Constipation represents the impossibility of producing feces. It can be caused by sand ingestion, improper diet, tumors, parasites, injuries, or dehydration. A constipated bearded dragon will not produce any feces. Other signs may include refusal to eat, regurgitation, and a swollen body and cloaca.

If your bearded dragon has not had a bowel movement in 2 weeks, contact a vet.

bearded dragon divider

Why Is My Bearded Dragon Constipated?

Constipation is a common condition found in bearded dragons. When these lizards are constipated, they usually consume food but do not defecate.

This condition is often caused by the fact that your bearded dragon’s nutritional needs are not being met. The most common causes of constipation in beardies include the following.

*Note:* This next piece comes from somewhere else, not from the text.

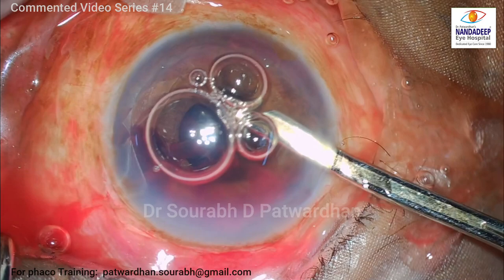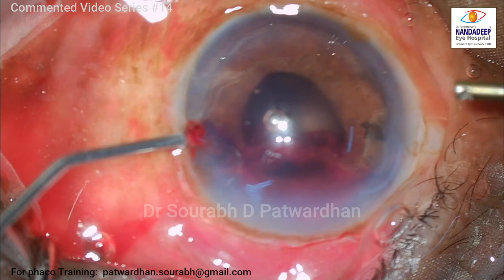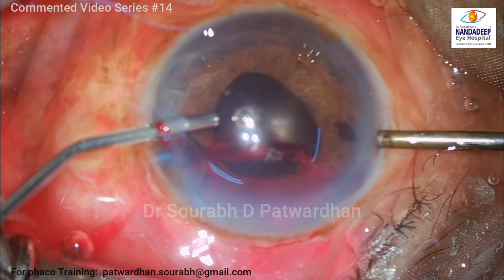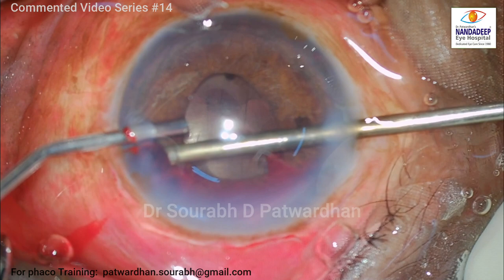I'm just washing it off very carefully and gently — just the liquefied part of the blood. Once that is done, I have to remove the remaining clot using the vitrectomy probe. With the vitrectomy probe, I use a moderate cut rate, around 300 to 500, and I'll be using low vacuum — not very high vacuum — to avoid any injury to the iris.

Inadequate Diet and Impaction

Bearded dragons are omnivores, but they become more herbivorous as they age. You can offer them a variety of fruits (apples, peaches, blueberries, strawberries, etc.), vegetables (kale, green beans, bell peppers, etc.), insects (cockroaches, locusts, earthworms, and roaches), meat (minced beef, lean turkey, or chicken breast), and meat by-products, such as chicken heart or liver. Occasionally, you can give them worms or baby mice. In short, these small lizards need a balanced diet that contains both protein and fiber for a healthy digestive system.

Bearded dragons can have different food preferences, so don’t hesitate to offer them many different foods, as this will enable them to have the necessary intake of vitamins and nutrients.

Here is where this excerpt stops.